### Dataset entries

=== Begin Enclosure ===

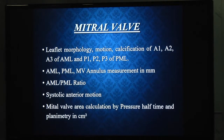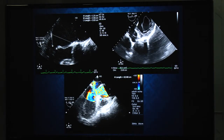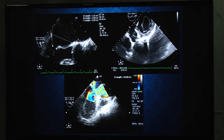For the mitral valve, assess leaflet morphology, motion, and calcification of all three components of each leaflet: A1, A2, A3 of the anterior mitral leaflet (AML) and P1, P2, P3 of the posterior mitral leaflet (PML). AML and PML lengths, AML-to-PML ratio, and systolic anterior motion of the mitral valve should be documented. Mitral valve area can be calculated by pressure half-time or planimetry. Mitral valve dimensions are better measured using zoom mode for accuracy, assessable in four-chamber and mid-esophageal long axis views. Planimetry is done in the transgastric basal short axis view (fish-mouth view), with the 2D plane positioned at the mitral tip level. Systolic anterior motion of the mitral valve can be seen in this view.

=== End Enclosure ===
=== Begin Enclosure ===

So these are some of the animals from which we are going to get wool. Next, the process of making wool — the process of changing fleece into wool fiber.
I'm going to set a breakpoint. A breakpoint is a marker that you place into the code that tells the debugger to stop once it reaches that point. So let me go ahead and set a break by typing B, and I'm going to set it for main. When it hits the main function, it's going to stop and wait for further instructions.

=== End Enclosure ===
=== Begin Enclosure ===

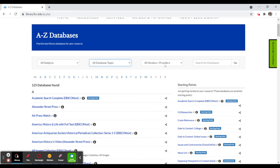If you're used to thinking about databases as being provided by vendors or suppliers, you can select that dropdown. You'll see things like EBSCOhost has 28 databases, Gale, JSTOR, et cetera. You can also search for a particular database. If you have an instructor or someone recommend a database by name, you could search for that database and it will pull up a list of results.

=== End Enclosure ===

### Exercise prompt
Each line in the records that carries "into" must be copied out.

### Result below
So these are some of the animals from which we are going to get wool. Next, the process of making wool — the process of changing fleece into wool fiber.
I'm going to set a breakpoint. A breakpoint is a marker that you place into the code that tells the debugger to stop once it reaches that point. So let me go ahead and set a break by typing B, and I'm going to set it for main. When it hits the main function, it's going to stop and wait for further instructions.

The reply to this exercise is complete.